Apple Slides Despite Record Revenue, EPS Beat As iPhone, Warns Of Slowing Revenue Growth

Apple Slides Despite Record Revenue, EPS Beat As iPhone, Warns Of Slowing Revenue Growth

Update (5:30pm): While Apple’s earnings were at worst (or best) mixed, things got decidedly uglier during the earnings call, when the company revealed that it’s about to get uglier:

Total company revenue growth will decelerate compared with 4Q
Mac revenue will decline substantially in holiday quarter due to tough comparison from last year’s redesigned MacBook Pro launch

This is as good as it gets on the guidance front: Apple said that there will be no revenue guidance due to uncertainties in the world, so it will hardly be great.

Additionally, while Apple has not blamed the soaring dollar or using constant-currency conversions, CFO Maestri did say that services revenues would be up double digits in constant currency; he also said that the company is seeing softness in gaming (App Store and Apple Arcade likely) and in digital advertising.  Maestri also said that Apple will likely see 10% of currency impact in the first quarter. That’s much more severe than many tech peers (MSFT said cloud sales are hit by 5% from FX).

Some more details from the call, in which Maestri says that Apple’s paid subscriptions topped 900 million across services on Apple platforms, up 155 million in the last 12 months. That’s double three years ago. This includes Apple and third-party services through the App Store.

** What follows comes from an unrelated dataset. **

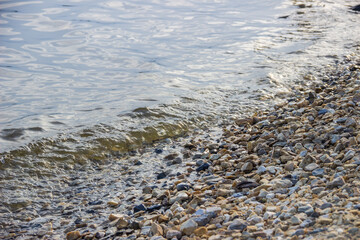 Waves run over the rocky shore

Maestri also said that Apple continues to generate “very strong” cash flow, which isn’t exactly true: yes, Apple ended the quarter with $169 billion in cash and marketable securities, but its net cash was down to just $49 billion, the lowest since 2010!

Away from the call, CFRA Research says the quarter was solid, but conditions should get more challenging “as the iPhone 14 cycle extends given the uncertain economic conditions.” That said, Apple’s premium brand should allow it to successfully increase prices, CFRA says.

* * *

With Amazon imploding after dismal earnings and catastrophic guidance, it was all up to the world’s biggest company, AAPL, to provide some – any – hail mary for a tech earnings season that has been an unmitigated disaster. Alas, it was not meant to be and despite beating on the top and bottom line, AAPL has joined the parade of doom and tumbling after hours due to numbers which the market was clearly not impressed with, and which confirm that the US and global economies are on the verge of a painful recession.

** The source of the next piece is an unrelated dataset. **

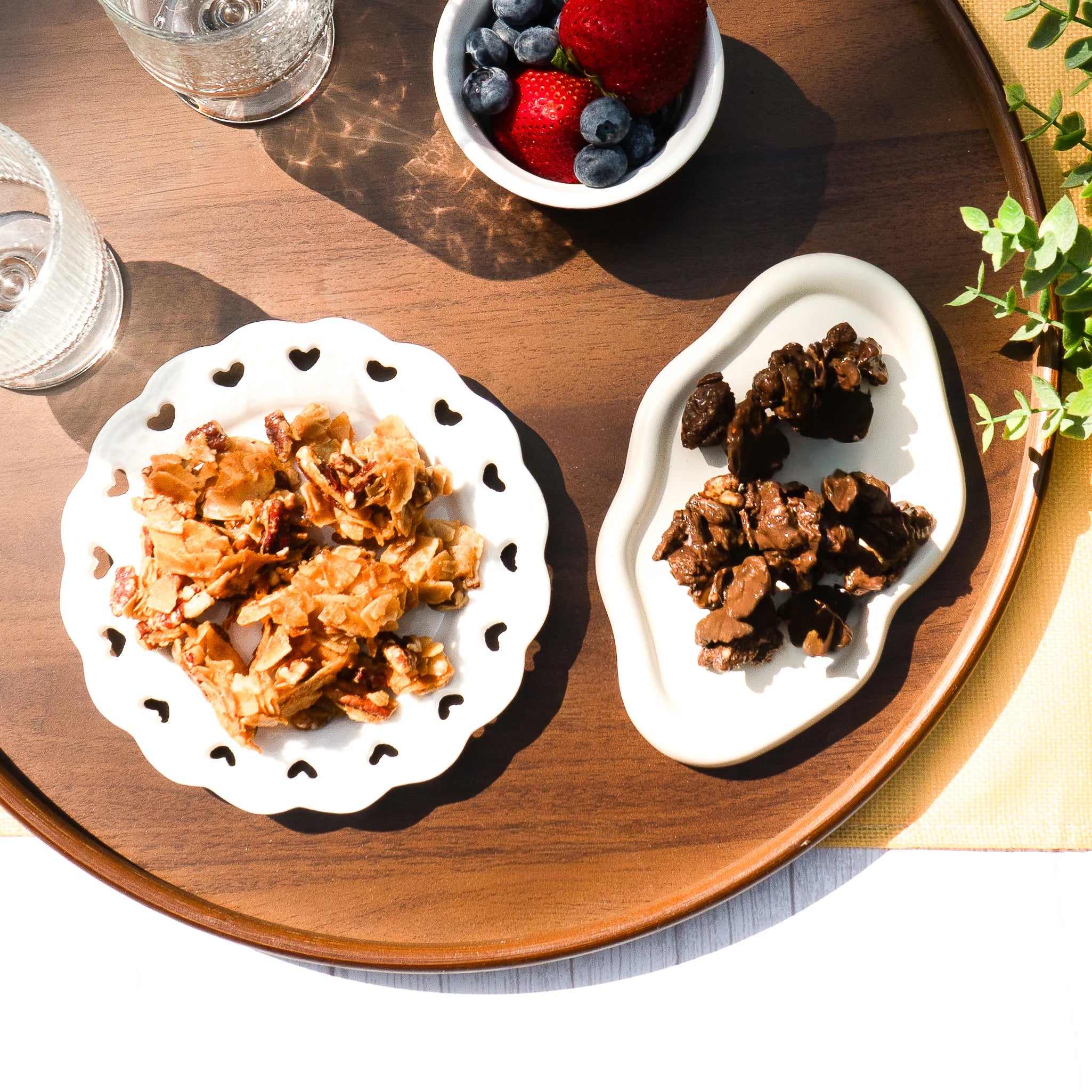 Naked Nuggets and dark choco nuggets on white plates, accompanied by glasses of water and a bowl of berries.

Here are the fiscal Q4 details:

EPS $1.29 vs. $1.24 y/y, beating estimates of $1.26
Gross margin $38.10 billion, +8.3% y/y, beating estimates of $37.31 billion
Revenue $90.15 billion, +8.1% y/y and a record for the September quarter, beating est. $88.64 billion
Products revenue $70.96 billion, +9% y/y, beating estimate $69.04 billion
IPhone revenue $42.63 billion, +9.7% y/y, missing estimate $42.67 billion
Mac revenue $11.51 billion, +25% y/y, beating estimate $9.25 billion
IPad revenue $7.17 billion, -13% y/y, missing estimate $7.81 billion, and down for the 4th quarter in a row.
Wearables, home and accessories $9.65 billion, +9.8% y/y, beating the estimate $8.8 billion
Service revenue $19.19 billion, +5% y/y, missing estimate $19.97 billion

Commenting on the quarter, Tim Cook said that “as we head into the holiday season with our most powerful lineup ever, we are leading with our values in every action we take and every decision we make. We are deeply committed to protecting the environment, to securing user privacy, to strengthening accessibility, and to creating products and services that can unlock humanity’s full creative potential.”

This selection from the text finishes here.